In a hunt for more revenue, Maryland officials are weighing ways to pressure hotel-booking websites such as Expedia and Orbitz to pay more taxes — a tactic that has netted some cities, counties and states tens of millions of dollars, but left others mired in lengthy legal battles.

The premise is simple. Maryland now collects sales taxes based on the bulk rates that the websites pay hotels for their rooms. But some officials say the taxes should be based on the higher prices for which the websites sell the rooms to customers.

Or, as Gov. Martin O'Malley put it recently: The typical booking website "somehow avoids paying the local hotel room tax."

The idea comes in lean budget times for the state: The General Assembly increased fees and taxes this year to meet a budget shortfall, tolls are increasing and a Senate budget panel is set to consider an array of new taxes, including expanding the sales tax to other Internet services.

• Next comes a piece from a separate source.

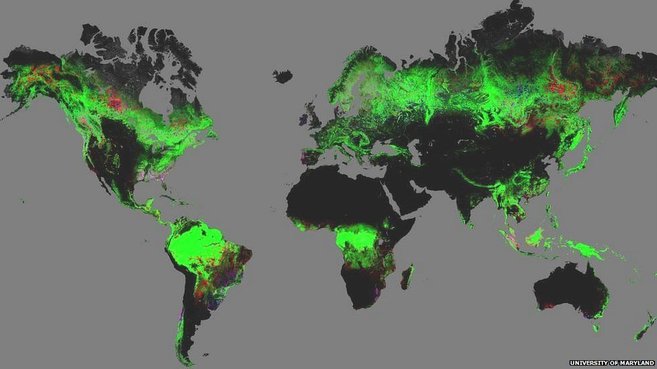 El primer mapa detallado del cambio forestal mundial
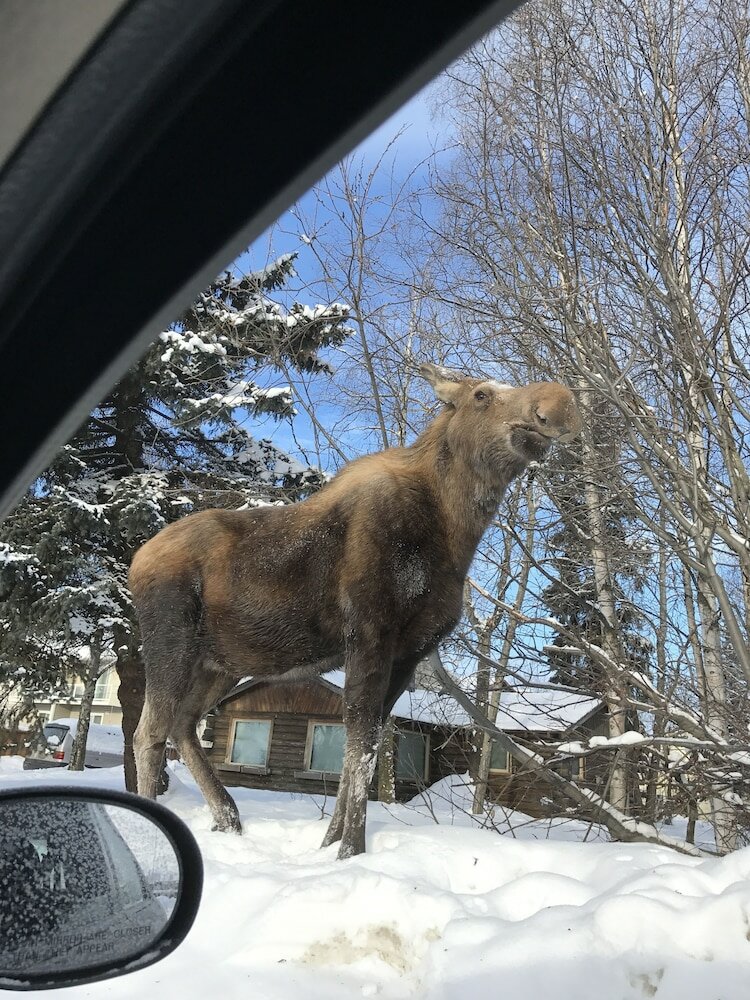 Фото Americas Best Value Inn & Suites Anchorage Airport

But it's been the source of tension between O'Malley and Comptroller Peter Franchot, the state's independently elected tax collector. Owing to a quirk in Maryland law, Franchot must conduct a separate audit before the state can start a legal process to claim the taxes.

Despite at least a year of urging from O'Malley, Franchot has made no public progress on the audit the governor has requested. Franchot declined to discuss the matter for this article, saying that he is bound by tax law not to discuss or disclose the existence — or outcomes — of audits.

There's good reason for Maryland officials looking to boost revenue to turn toward the websites. Baltimore City and Worcester County both collected money after suing websites, including Expedia and Orbitz, for back taxes. And in Baltimore at least, some of the companies are paying higher taxes going forward.

Baltimore and Montgomery counties and the District of Columbia have also filed lawsuits seeking more taxes.

"We believe Maryland has a very, very strong claim," said John Crongeyer, an Atlanta lawyer who specializes in suing the booking sites and wants to represent the state.

Crongeyer, who has represented Baltimore city and Baltimore and Montgomery counties, estimates that the state is owed roughly $30 million in back taxes and penalties. He says the state should be receiving between $1.4 million to $4 million a year.

(By way of comparison, the state expects $4 million a year from doubling the fee for issuing a birth certificate.)

Around the country there are more than 80 similar lawsuits percolating, with mixed results. A Texas jury found recently that the online booking companies owed the state about $20 million. But in March a Los Angeles Superior Court judge threw out a finding that the companies owed the City of Santa Monica $3 million.

An industry spokesman says the lawsuits rely on a fundamental misunderstanding of the companies' business model.

Arthur B. Sackler, the executive director of the Interactive Travel Services Association, says the difference between what the companies pay for rooms and what they sell them for should be viewed as a service charge, not part of the taxable price.

Taxing the price paid by consumers, Sackler says, hurts the fragile industry by unnecessarily driving up rates.

"Anything that burdens more travel and tourism is a negative for the state," he said. "This is a tax on consumers. It will be passed through one way or another."

E-mails to Travelocity, Orbitiz and Expedia were not returned.

The travel companies are not afraid to play rough: Orbitz and other companies stopped listing hotels in Columbus, Ohio, after officials there sued.

"Companies have made the decision that, because the cost of the tax is higher than the revenue, they start sending travelers and tourists to competing destinations," Sackler said.